*** Stored data Section Begins ***

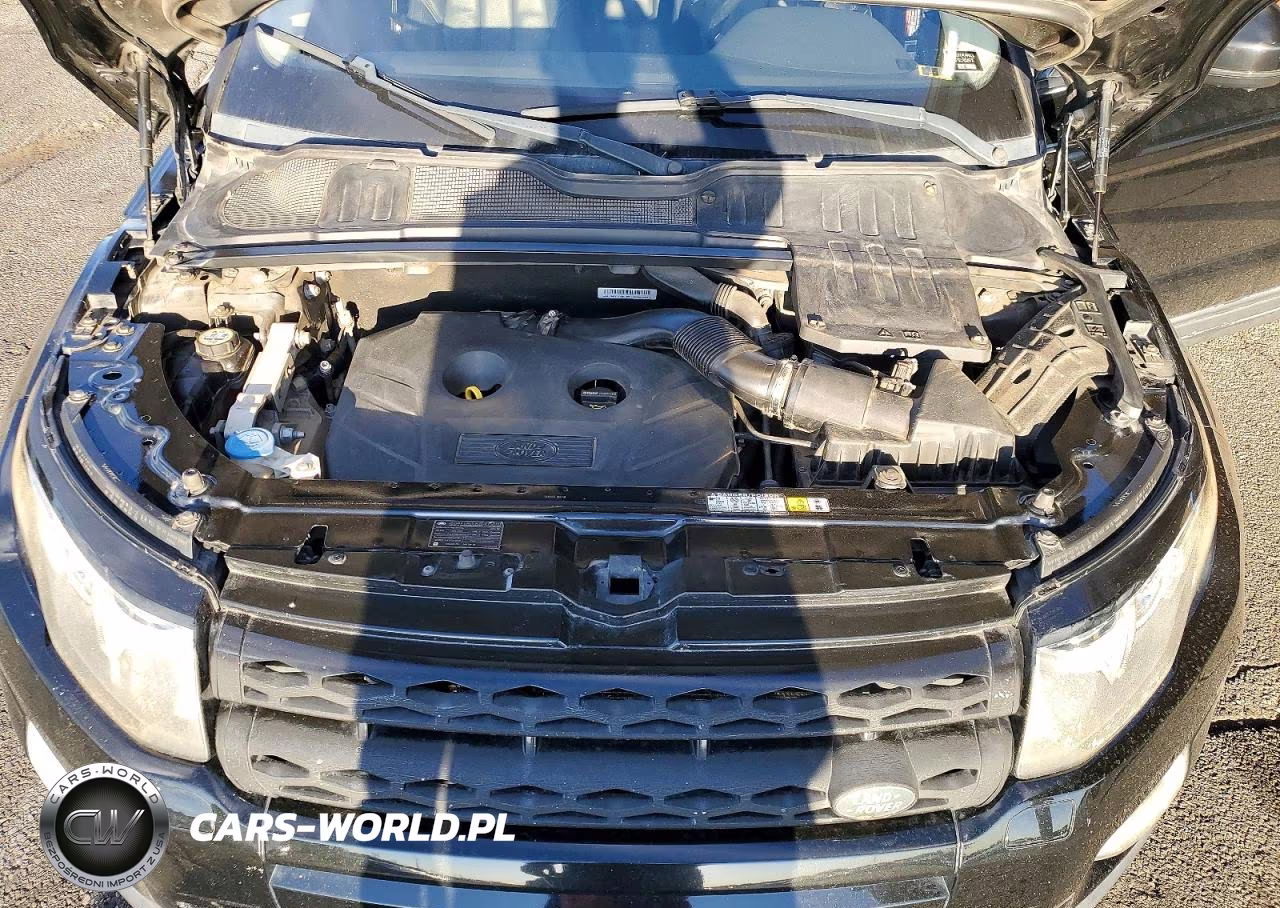 2015 Land Rover Range Rover Evoque Pure Premium VIN:SALVR2BG7FH004177 - 11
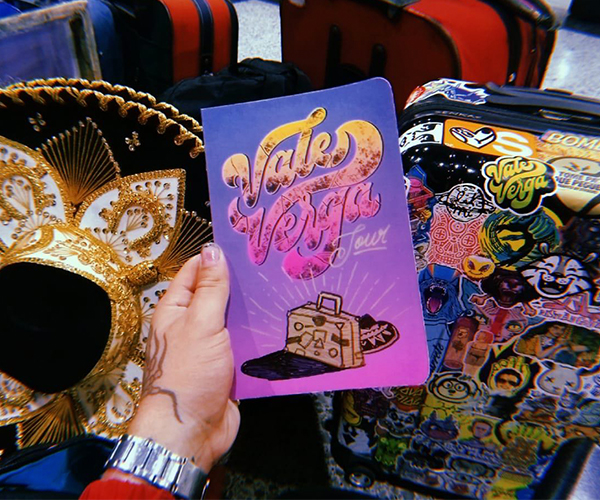 Vale Verga Roadtrip Cartel Urbano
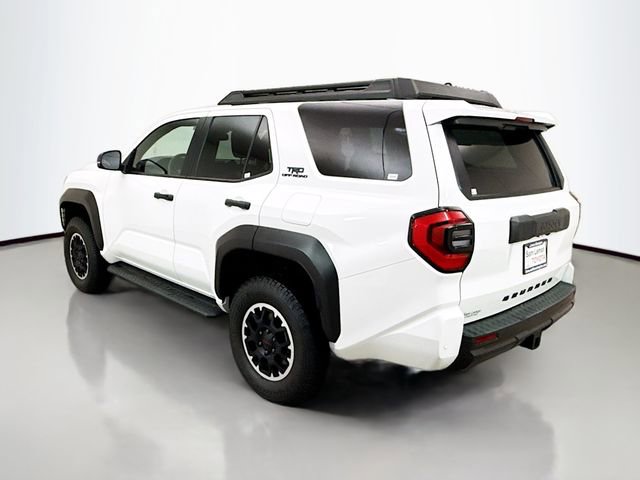 Used 2025 Toyota 4Runner TRD Off-Road image 5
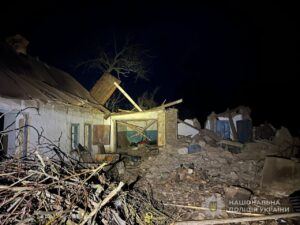 Новый антирекорд обстрелов: 1121 атака за сутки в Запорожской области — есть раненые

*** Stored data Section Ends ***

__Activity__. Restate every line above exactly, omitting images.

__Task output__.
 2015 Land Rover Range Rover Evoque Pure Premium VIN:SALVR2BG7FH004177 - 11
 Vale Verga Roadtrip Cartel Urbano
 Used 2025 Toyota 4Runner TRD Off-Road image 5
 Новый антирекорд обстрелов: 1121 атака за сутки в Запорожской области — есть раненые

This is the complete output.